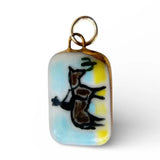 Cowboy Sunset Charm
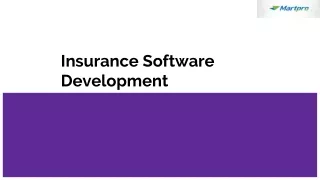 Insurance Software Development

---

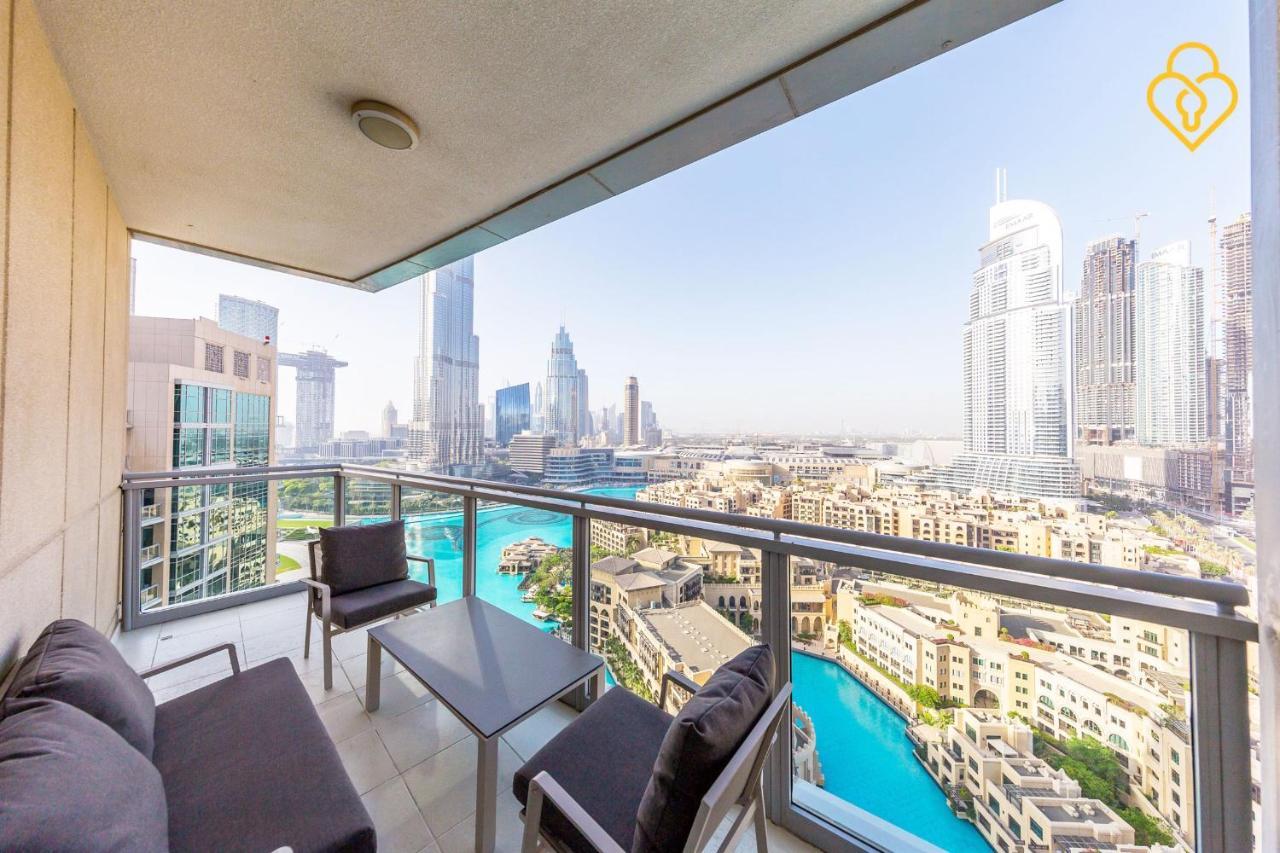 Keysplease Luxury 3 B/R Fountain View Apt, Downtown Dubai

» **TASK REQUIREMENTS**: The result should be an exact copy of only the lines above from the one that holds "Cowboy Sunset Charm" through the one that holds "Insurance Software Development", both ends included, without pictures.

» **ANSWER BOX**:
 Cowboy Sunset Charm
 Insurance Software Development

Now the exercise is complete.